5/10/2011 12:42pm, #13
Some people believe that it is a vasovagal response instead of an actual hypoxic episode. The theory is that the short time it takes to cause unconsciousness isn't really enough time to cause hypoxia in the brain. Therefore something else must be happening.
5/10/2011 12:49pm, #14
Well, is it possible that the increased pressure of the blood actually stimulates the response?
Kind of like when you are watering the garden, and you bend the tip of the hose to create a better pressure stream.
5/10/2011 12:50pm, #15
Reading the wikipedia article on vasovagal response, because I can't access medical papers with my arts department login.
Prior to losing consciousness, the individual frequently experiences a prodrome of symptoms such as lightheadedness, nausea, the feeling of being extremely hot (accompanied by sweating), ringing in the ears (tinnitus), uncomfortable feeling in the heart, fuzzy thoughts, a slight inability to speak/form words (sometimes combined with mild stuttering), weakness and visual disturbances such as lights seeming too bright, fuzzy or tunnel vision, and sometimes a feeling of nervousness can occur as well.
The person may be nauseated, pale, and sweaty for several minutes.
Not saying its impossible to be a vasovagal response as I'm not qualified, but the symptoms don't really seem to fit. Although as you say it may be problematic with the cutting the blood theory, because of the speed. Then again I don't know how long a 'reserve' the brain has if any.
5/10/2011 12:59pm, #16
That is the description for a wide range of vasovagal problems what you are looking for is vasovagal syncope which is basically just feinting. Syncope by itself is the medical term for feinting. I've been put out several ways including thai neck kick and RNC. It all feels like feinting.
Note: I'm not a doctor all my experience with feinting and hypoxia and blood reserves comes form fighting and or lifeguarding.
5/10/2011 1:01pm, #17
What is the rule of three?
Why do some chokes instantly KO someone and other times they have a chance to tap?Judo is only gentle for the guy on top.
5/10/2011 1:04pm, #18
No idea what Rule of Threes is but I could google it. I guess you mean this?
3 minutes without air
3 hours without shelter
3 days without water
3 weeks without food
3 months without hope
The 3 minutes without air is what I had heard from lifeguarding too. Supposedly it can be extended to 5-20 minutes with fresh water and extreme cold.
As far as some chokes being instant It basically has to do with how you apply it. I get wicked fast taps in tournaments but I let people have time in practice.
5/10/2011 1:07pm, #19
vasovagal syncope — a brief loss of consciousness caused by a sudden drop in your heart rate and blood pressure, which reduces blood flow to your brain.
I'd always assumed a combination of expert application, physiology and tiredness.

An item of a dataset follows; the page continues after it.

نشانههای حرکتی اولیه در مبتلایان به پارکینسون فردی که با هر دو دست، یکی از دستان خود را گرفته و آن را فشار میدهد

You?
Saw whiteshark's post if you're talking about that 'rule of three' that's till death not till unconsciosness, not sure if there's rule for inducing unconsciousness.
5/10/2011 1:16pm, #20Vasovagal syncope (vay-zo-VAY-gul SING-cuh-pee) is the most common cause of fainting. Vasovagal syncope occurs when your body overreacts to triggers, such as the sight of blood or extreme emotional distress. The trigger results in vasovagal syncope — a brief loss of consciousness caused by a sudden drop in your heart rate and blood pressure, which reduces blood flow to your brainJudo is only gentle for the guy on top.